Also Check Out: All Posts at QAspire with Visual Notes

Friday Five: Leadership, Learning and Intrinsic Motivation

 

Friday Five is a new weekly series at QAspire where I curate five articles (with excerpts)/quotes/tweets/visuals shared on my personal learning network each week that I found particularly useful, and hopefully you will find some of them valuable too!

This edition features insights on motivation, leadership, future of work and the multidisciplinary mindset.

Is intrinsic motivation at work overrated? – Susan Fowler

“Perhaps no single phenomenon reflects the positive potential of human nature as much as intrinsic motivation, the inherent tendency to seek out novelty and challenges, to extend and exercise one’s capacities, to explore, and to learn. Developmentalists acknowledge that from the time of birth, children, in their healthiest states, are active, inquisitive, curious, and playful, even in the absence of specific rewards.”

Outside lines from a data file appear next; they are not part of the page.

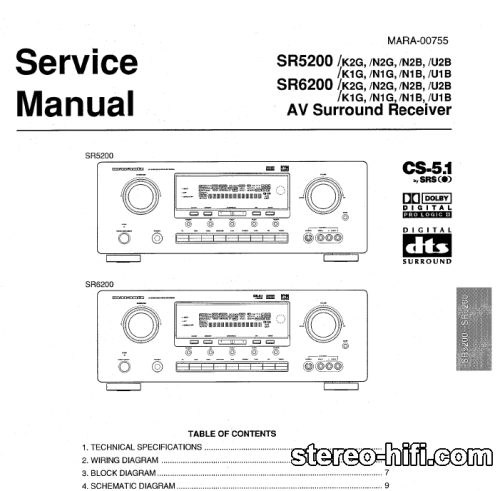 Więcej informacji o „Marantz SR5200 SR6200”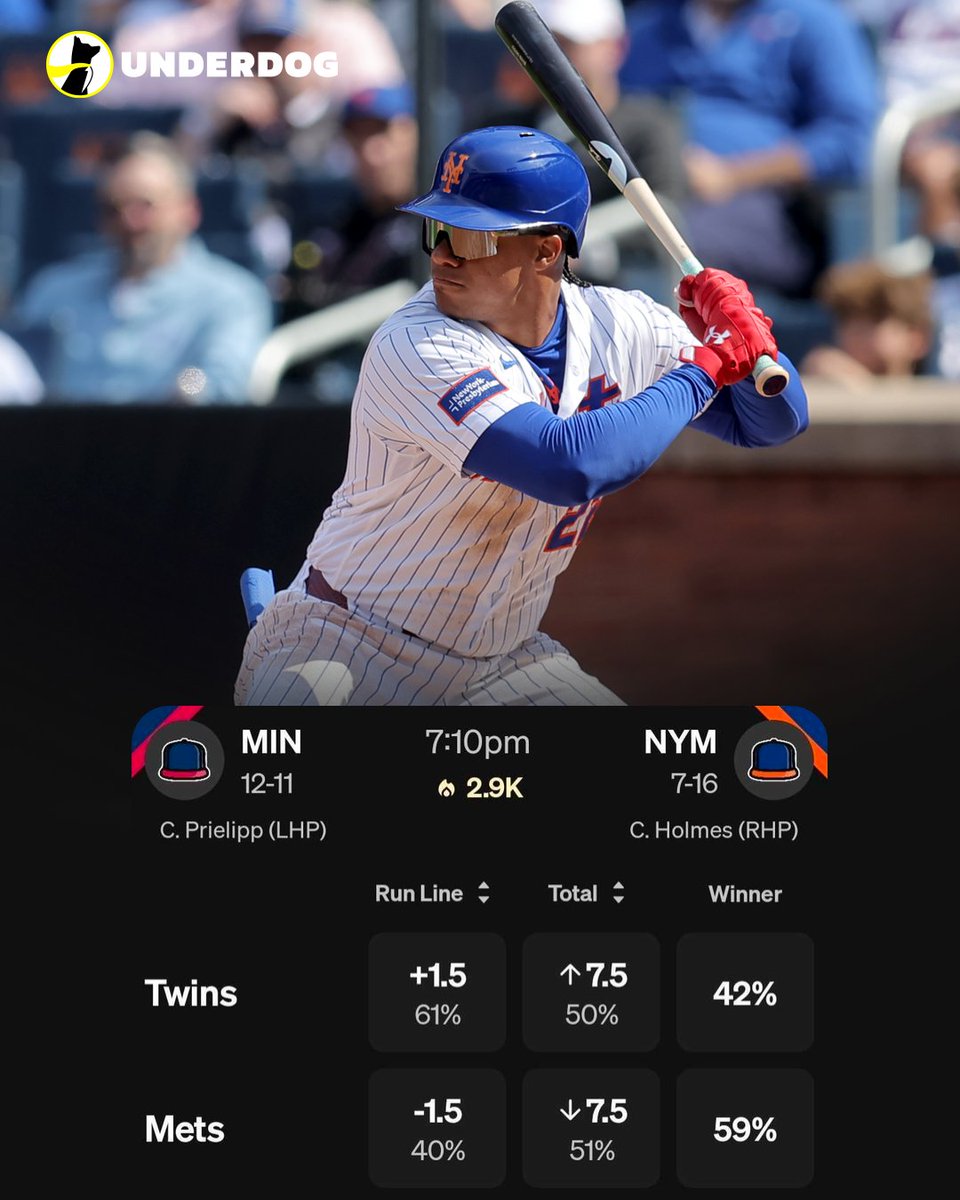 UnderdogMLB's tweet photo. Juan Soto returns to the Mets lineup on Wednesday.

Mets this season in games Juan Soto plays: 4-4

Without Soto: 3-12 https://t.co/uc4BPUBkQ3
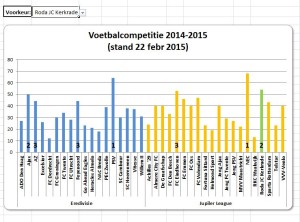 voetbalcompetitie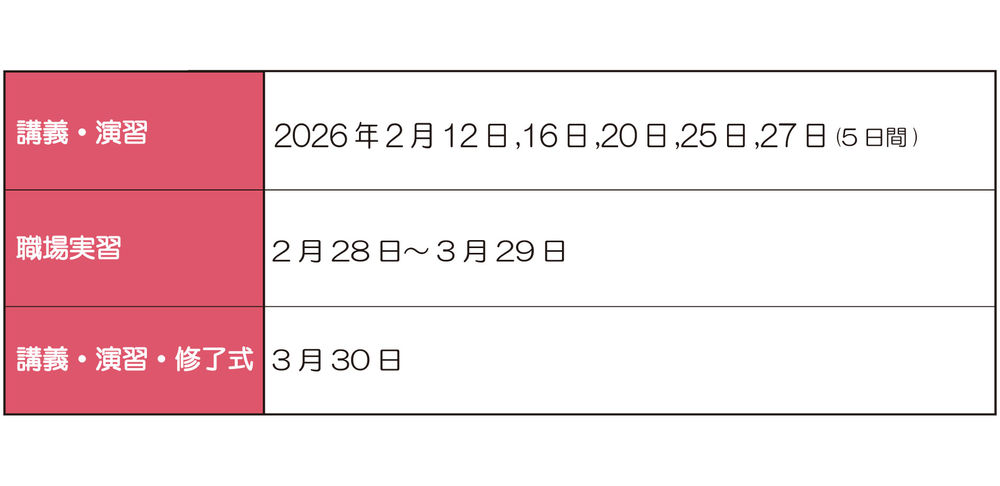 実践リーダー横浜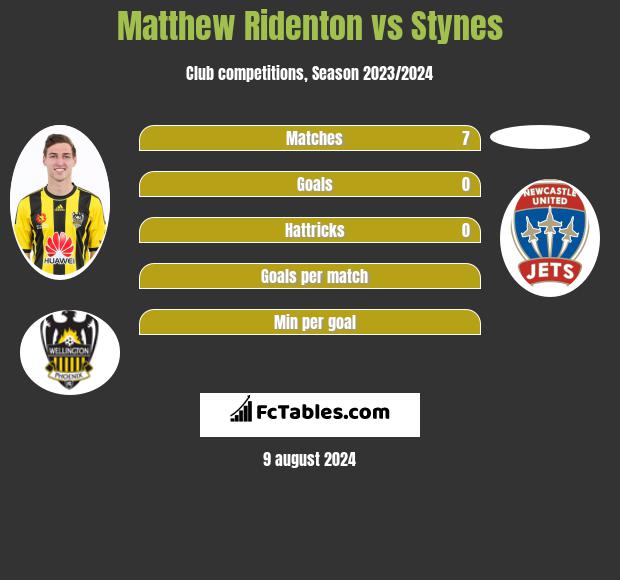 Matthew Ridenton vs Stynes h2h player stats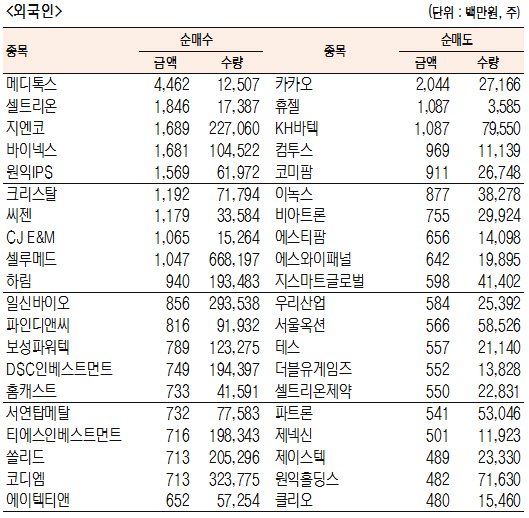 [표]코스닥 기관·외국인·개인 순매수·도 상위종목(12월 28일-최종치)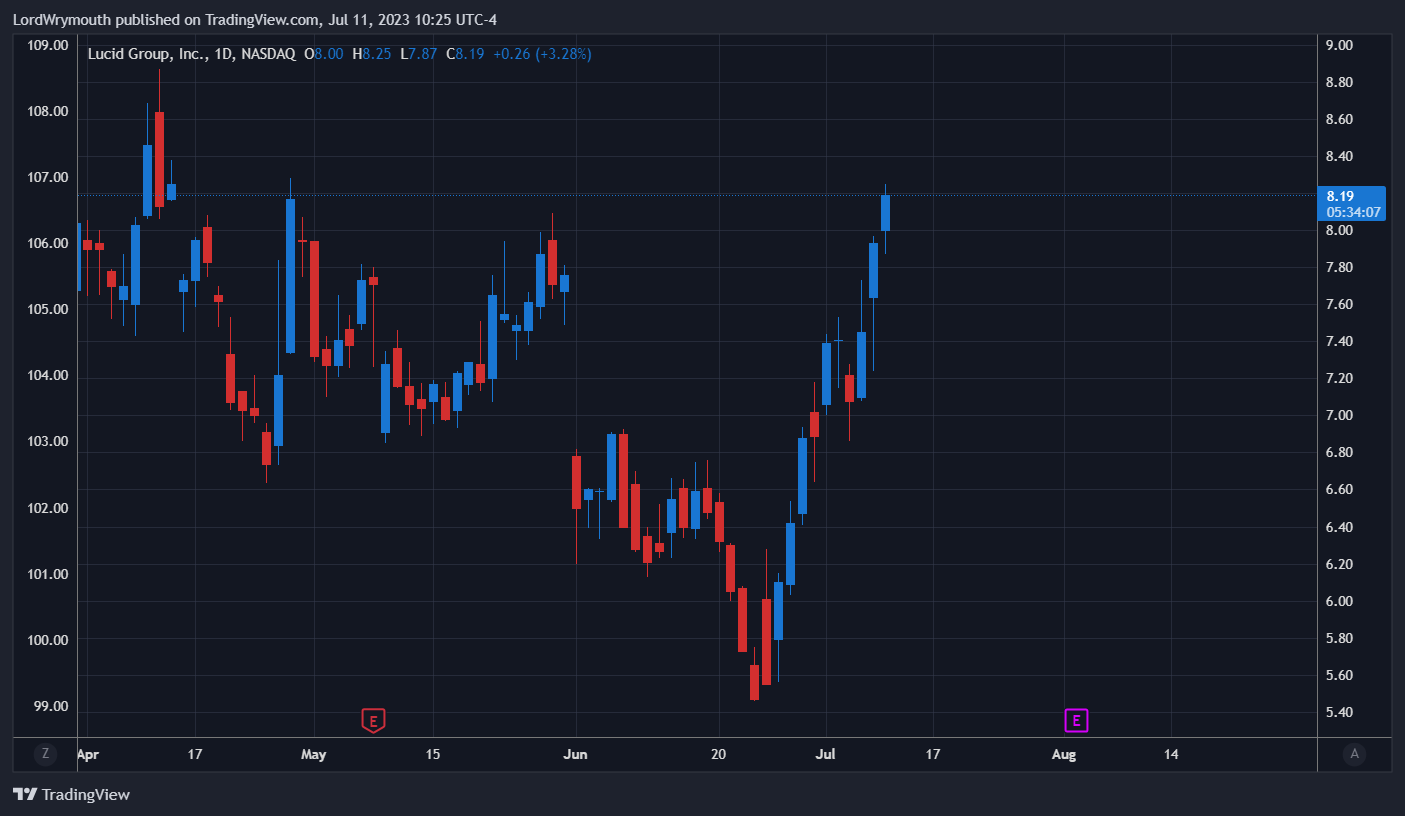 NASDAQ:LCID Chart Image by LordWrymouth
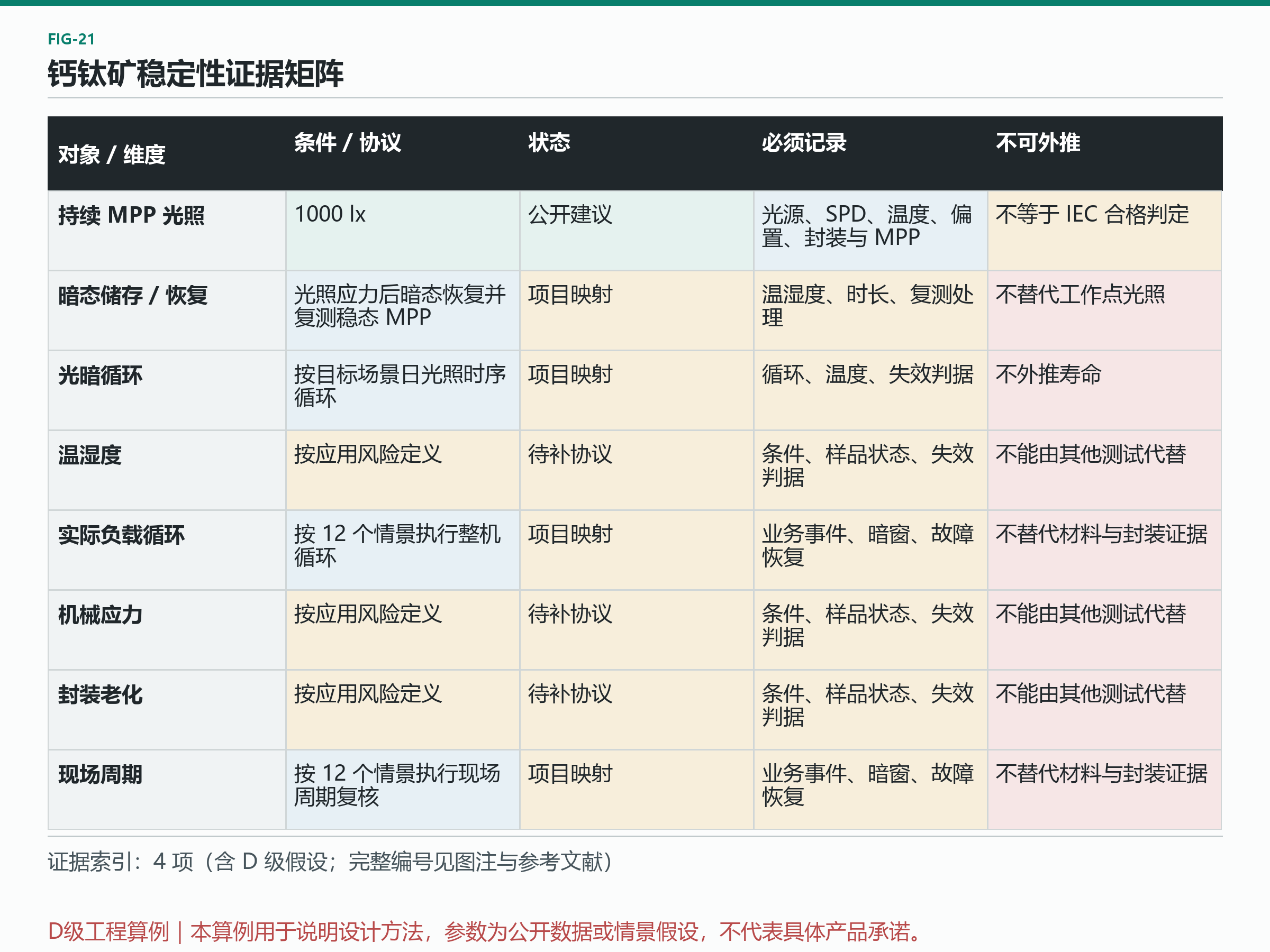 图 21：钙钛矿稳定性证据矩阵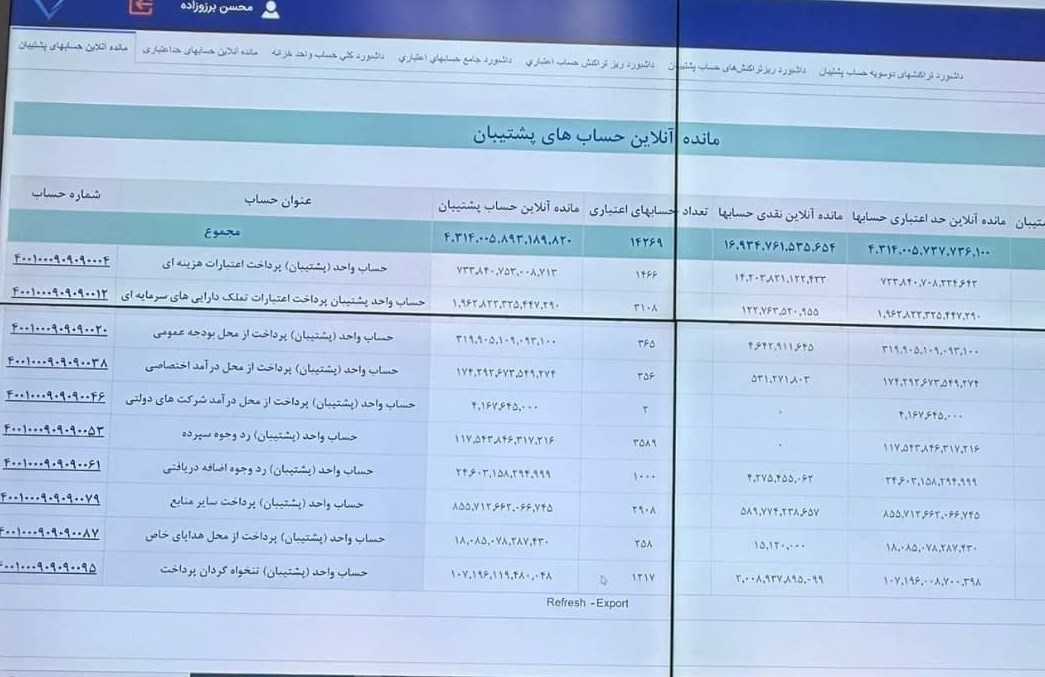وزارت امور اقتصادی و دارایی جمهوری اسلامی ایران , 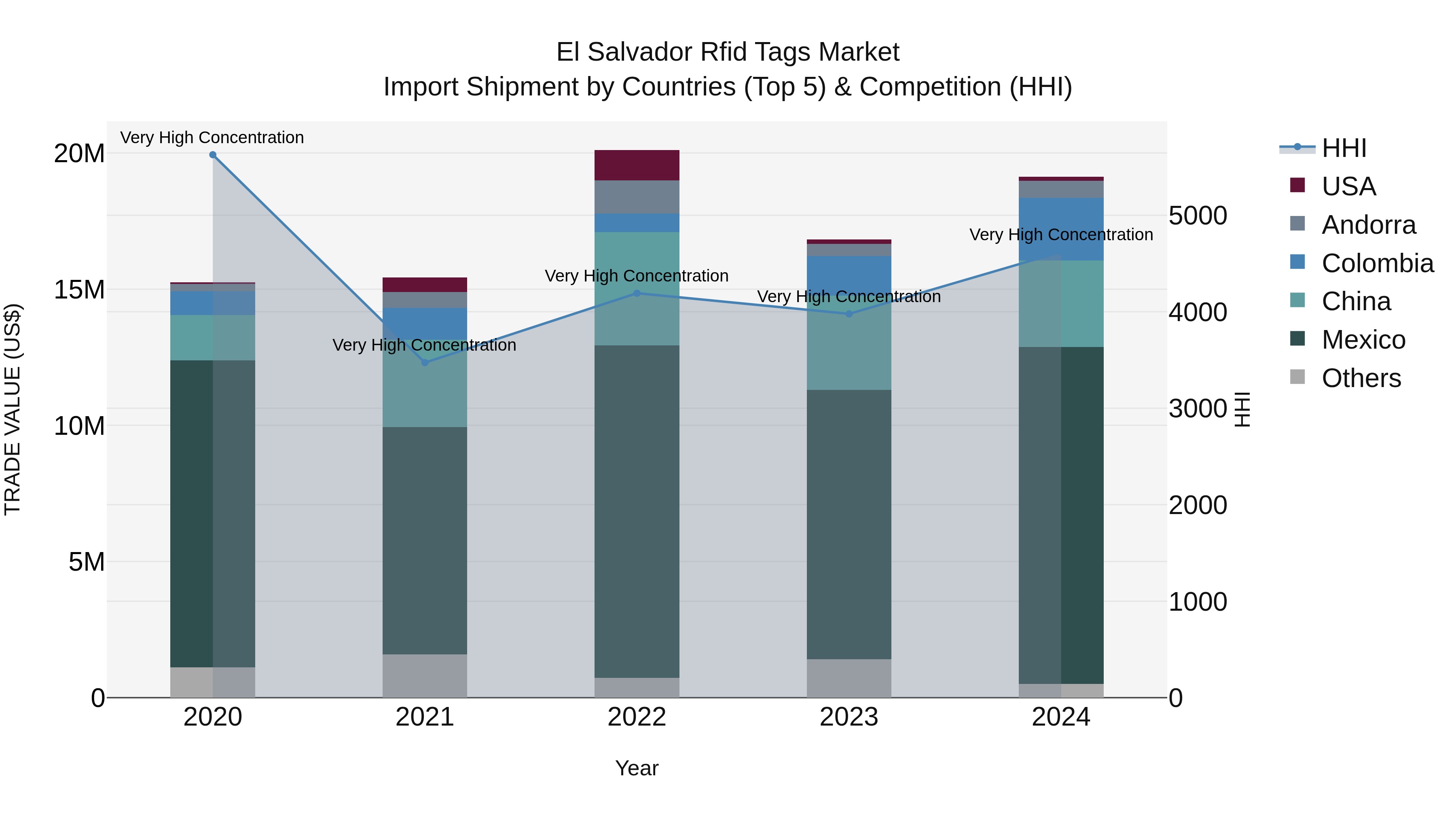 El Salvador Rfid Tags Market Top 5 Importing Countries and Market Competition (HHI) Analysis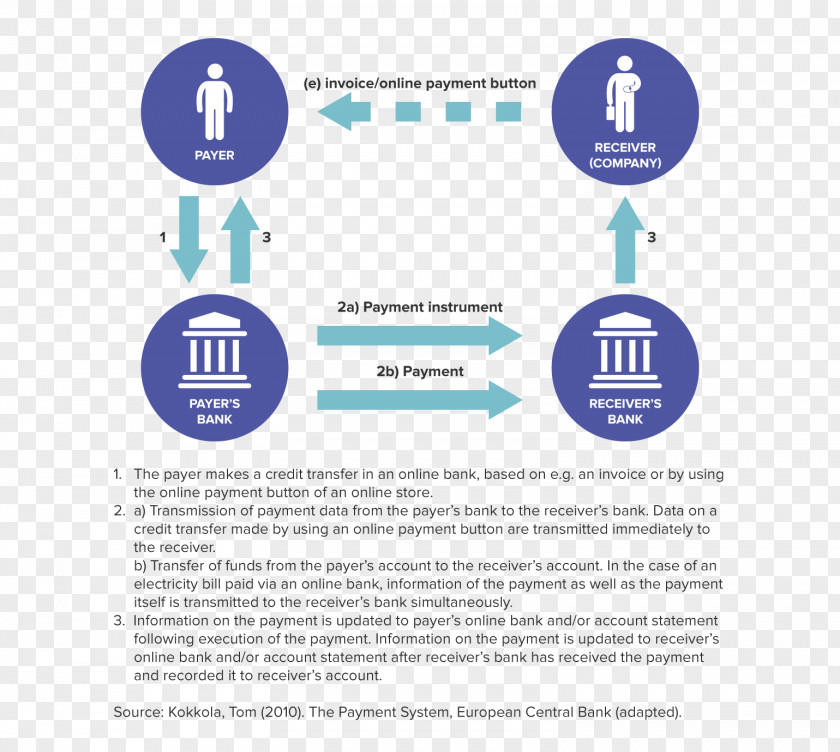 Payment System E-commerce Bank Single Euro Payments Area PNG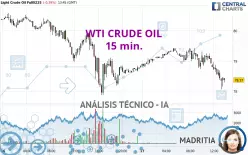 WTI CRUDE OIL - 15 min.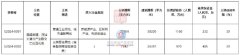深圳“第11區(qū)”出讓宅地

Not all kind of work can feed intrinsic motivation. Good news is: There are more ways to create conditions for better engagement and motivation.

The Restless Multidisciplinarian – An Interview with Kenneth Mikkelsen and Richard Martin at e-180 Mag

“As big picture thinkers and why-seekers, neo-generalists shine light in unfamiliar places. We need that to solve interconnected and complex challenges. Neo-generalists are driven by a deep desire to understand how the dots connect and question the status quo relentlessly. By living in more than one world, they are exposed to a diverse set of interests, people and ideas. Their experiences as critical thinkers, shape shifters, constant learners and boundary crossers make them uniquely qualified to help shape tomorrow’s world by thinking the unimaginable, exploring the unknown and doing what seems impossible to others.”

This is one book I am really looking forward to read and review. I collaborated with Anupam Kundu to write an article titled “The Future of Work and Multipotentialites” – Do check it out!

Don’t Replace People. Augment Them – Tim O’Reilly

If we let machines put us out of work, it will be because of a failure of imagination and the will to make a better future!

The future of work is really about engaging people in a way that they can be more of who they really are – humans!

A Leadership Conundrum: Unexpected Sources of Leadership by Jesse Lyn Stoner

The conundrum is that although you can’t force leadership, leadership often emerges under unexpected circumstances. Sometimes unrecognized or unappreciated, it is leadership nonetheless.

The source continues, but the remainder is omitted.